Shutterstock/Ethan Daniels

Tens of millions of dollars have been invested in growing seaweed to absorb carbon dioxide and slow climate change. But due to unwanted side effects, this technique could fail to significantly decrease the CO2 in the atmosphere, and it might even increase it.

Carbon dioxide removal (CDR) will be needed to meet the Paris Agreement goal of limiting global warming to 2°C, according to the UN, and many have hoped seaweed could be a cheap way to do that. The US start-up Running Tide raised $70 million to grow seaweed on pucks of wood that would eventually become sodden and sink to the deep sea, sequestering the carbon, but it ran out of financing and closed last year.

Dutch company Kelp Blue has raised at least $2 million to expand the seaweed that it is currently growing to produce sustainable agricultural fertiliser in Namibia. Because small particles of this seaweed may break off and drift into the depths, it claims it could eventually “sequester and offset” up to 500 million tonnes of CO2 per year.

But a global seaweed-cultivation programme could in many places rob nutrients from phytoplankton, which also sequester carbon when they die and sink to the depths, two studies have found.

“It could backfire locally,” says Manon Berger at the University of Bern, Switzerland, who worked on one of the studies. “In some places, you’d actually reduce how much carbon the ocean takes up.

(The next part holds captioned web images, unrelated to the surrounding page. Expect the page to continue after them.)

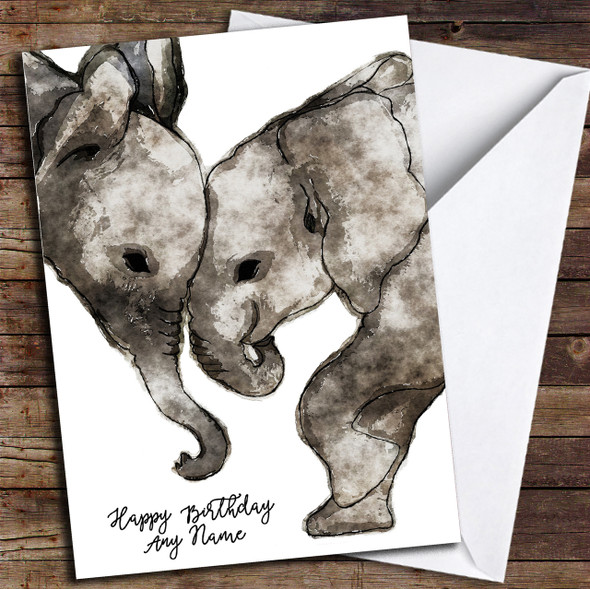 Watercolour Elephants Simple Customised Birthday Card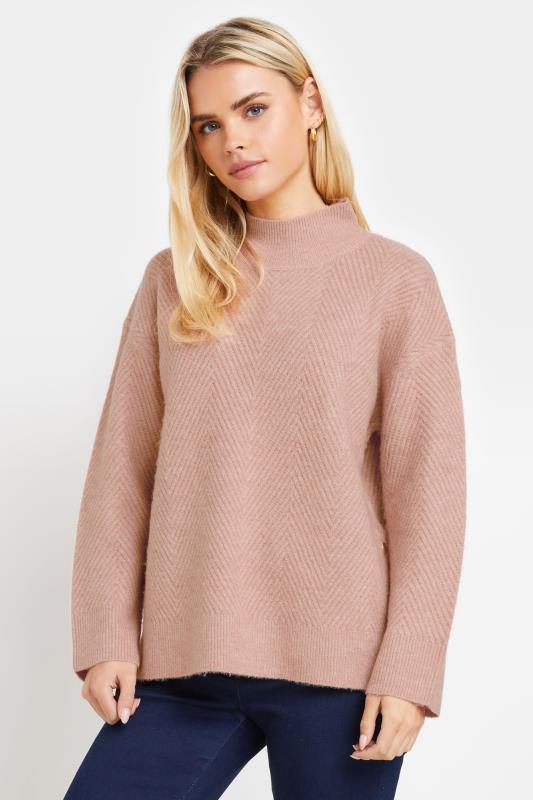  M&Co Petite Premium Blush Pink Funnel Neck Jumper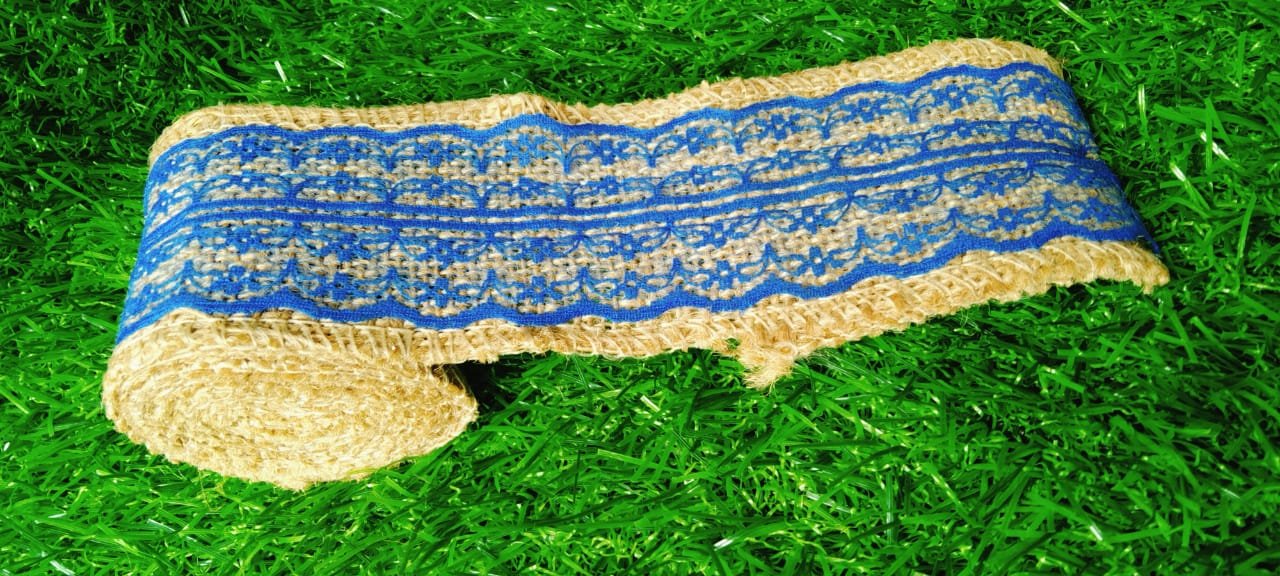 Jute and Net Lace- 1 roll- 3 mtr - Blue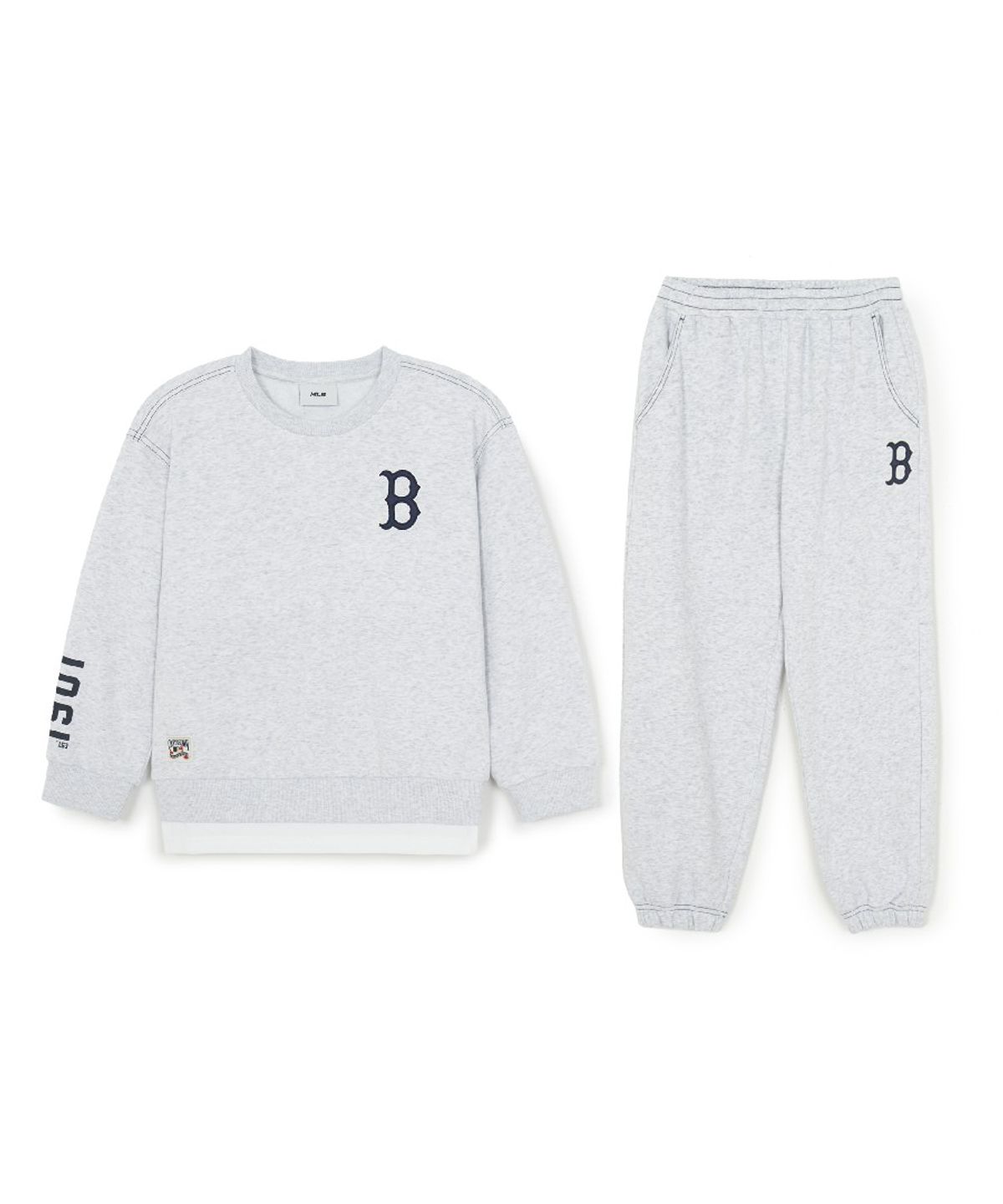 엠엘비 키즈(MLB KIDS) 스포티브 베이직 레이어드 맨투맨세트 BOS (L.Melange Grey)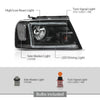 G-PLUS LED Headlights Assembly Fit 2004-2008 Ford F150,Fit Lincoln Mark LT 2006-2008(NOT Fit 2004 F150 Heritage/Flareside Beds) Clear Lens Black Housing Clear Reflector Headlamps,faros delanteros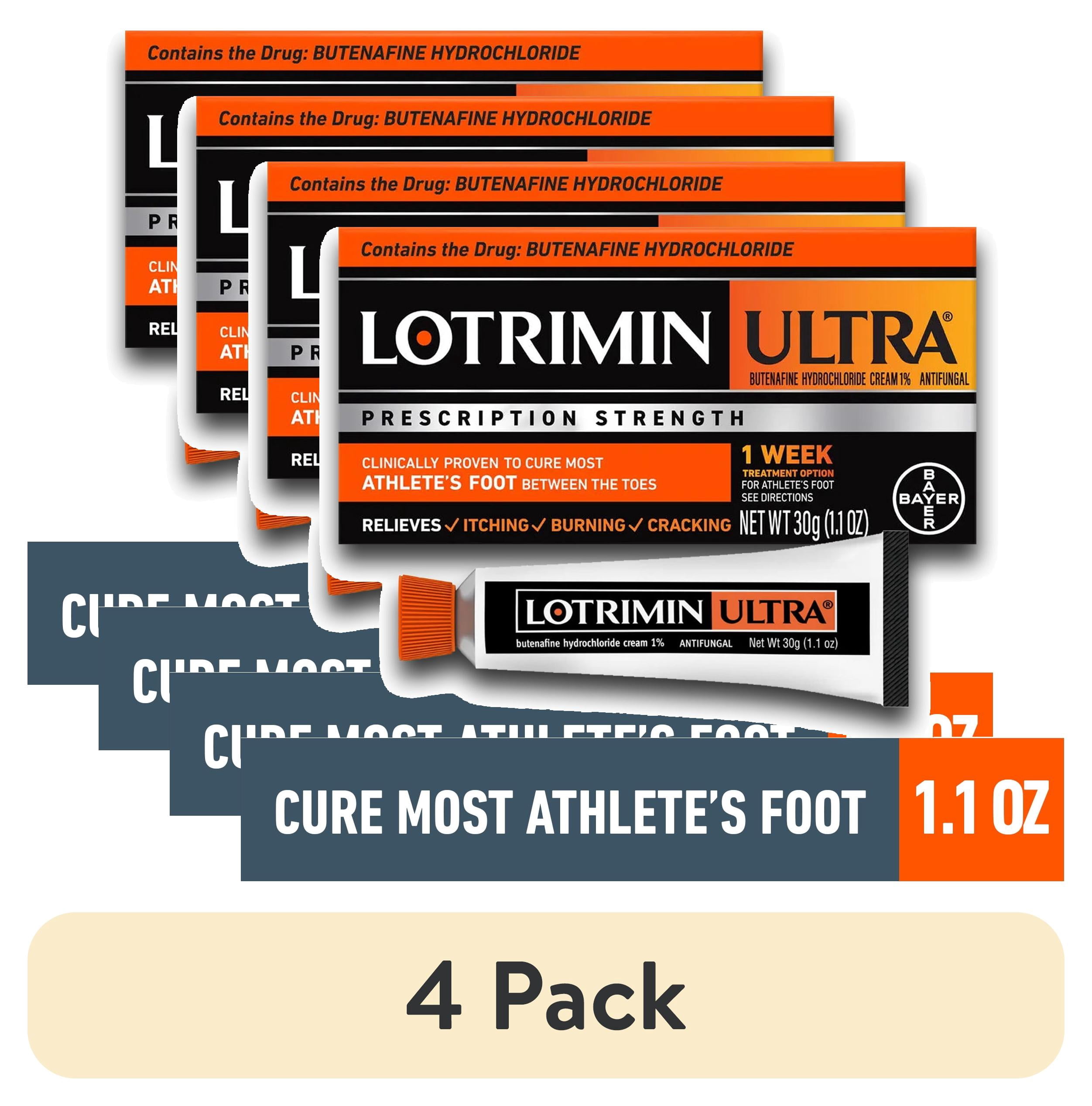 (4 pack) Lotrimin Ultra 1 Week Athlete's Foot Cream, Antifungal Cream, 30G Tube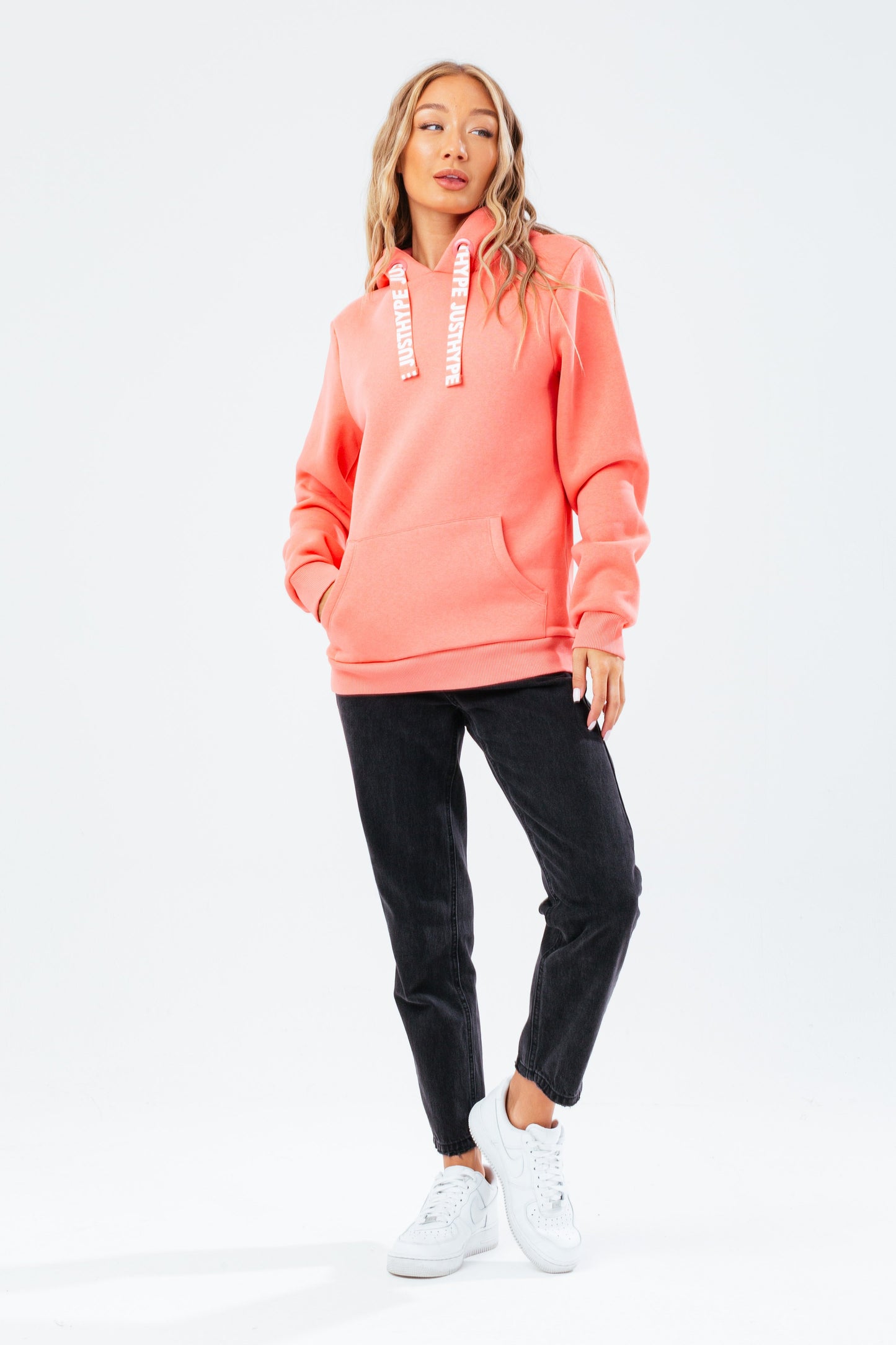 HYPE CORAL DRAWCORD WOMEN'S PULLOVER HOODIE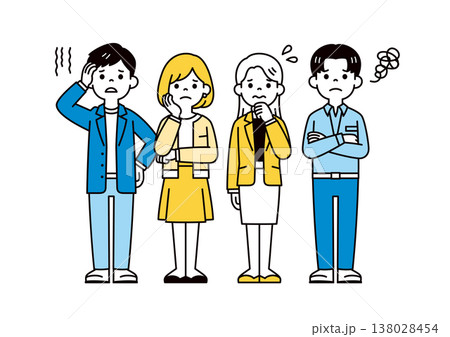 困る・悩む・考えるポーズの、若い会社員・男性と女性の全身ベクターイラスト素材セット 138028454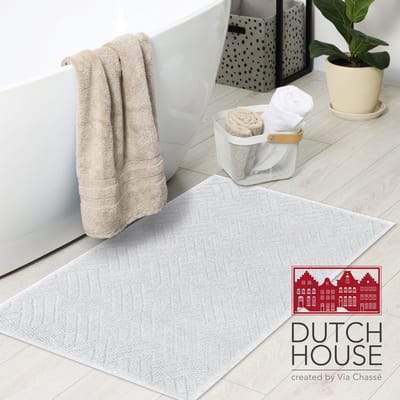 Dutch House Badmat Gaeta - Badmat 50x80cm - Wit - Antislip - Badmatten - Anti Slip Douchemat - Badkamer Mat - Snel Absorberend - Snel Drogende Badmat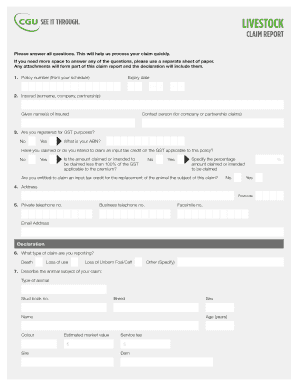 Livestock Insurance Claim Report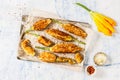 Fried Zucchini Flowers Royalty Free Stock Photo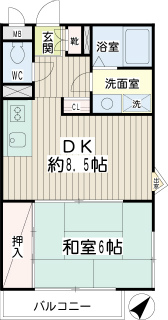 横浜市鶴見区の賃貸マンション　グリーンビレッジ上の宮　１０３号室　間取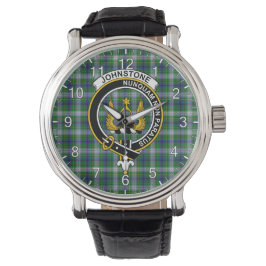 Klassisk tidslös Klan Johnston Dress Tartan Badge Armbandsur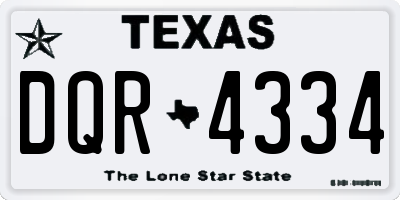 TX license plate DQR4334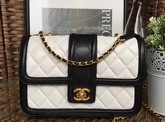 Chanel Flap Bag Lamskin White and Black for Sale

The potential is extremely limited, with large ecological consequences.”

Except for sargassum, macroalgae species live near the coast, where nutrients are plentiful. During photosynthesis, they consume carbon dissolved in seawater, allowing the ocean to absorb more CO2 from the atmosphere.

Marine organisms and microbes eventually digest or decompose most of that seaweed, emitting an estimated nine-tenths of its carbon. To sequester more carbon, seaweed would have to be grown or transported further offshore, where it could be baled or otherwise sunk to the deep sea.

But nutrients are scarce in the open ocean, and most research before now hasn’t examined how the lack of iron could limit seaweed growth. Berger and her colleagues modelled the cultivation of 20 billion tonnes of seaweed per year across waters up to 200 nautical miles from coastlines.

They found the seaweed would quickly start depleting nitrogen, phosphorus and iron in the water, and after 25 years, its growth would have declined 95 per cent. Moreover, this would diminish global phytoplankton growth by as much as 8 per cent.

In some scenarios, seaweed cultivation could still remove billions of tonnes of CO2. But depending on what species of seaweed are grown and how much nutrients they consume, it could also increase the amount of carbon in the atmosphere by half a tonne for every tonne of seaweed carbon grown.

Patches off Senegal and southern Australia, about 0.05 per cent of the ocean, are the only places seaweed could flourish without significantly decreasing phytoplankton, the model suggests.

“If you have only a few very specific locations, you can’t grow enough seaweed to have a gigatonne of removal,” says Berger.

In another study, Andrew Yool at the UK National Oceanography Centre and his colleagues modelled what would happen if seaweed-cultivation areas were fertilised with iron, finding that up to 40 billion tonnes of CO2 could be removed each year. But that would also halve the plankton in the ocean, with dire consequences for the fish that eat them.

“You’re robbing the surface ocean of nutrients… and transferring those to depth,” says Yool. “Essentially, you’re curtailing or slowly strangling the natural ecosystem.”

Furthermore, such seaweed cultivation and sinking would require setting up cages or other frameworks across 14 per cent of the ocean surface, largely in the nutrient-rich but stormy seas of the Southern Ocean and northern Pacific and Atlantic.

And if all this ocean wasn’t fertilised with iron, the seaweed carbon removal wouldn’t fully compensate for the plankton loss, increasing CO2 in the atmosphere by up to 700 million tonnes per year.

“You can’t just grow macroalgae and assume that you’re going to be undertaking CDR if you’re not accounting for offsetting phytoplankton growth,” says Chelsey Baker at the UK National Oceanography Centre, another member of the team.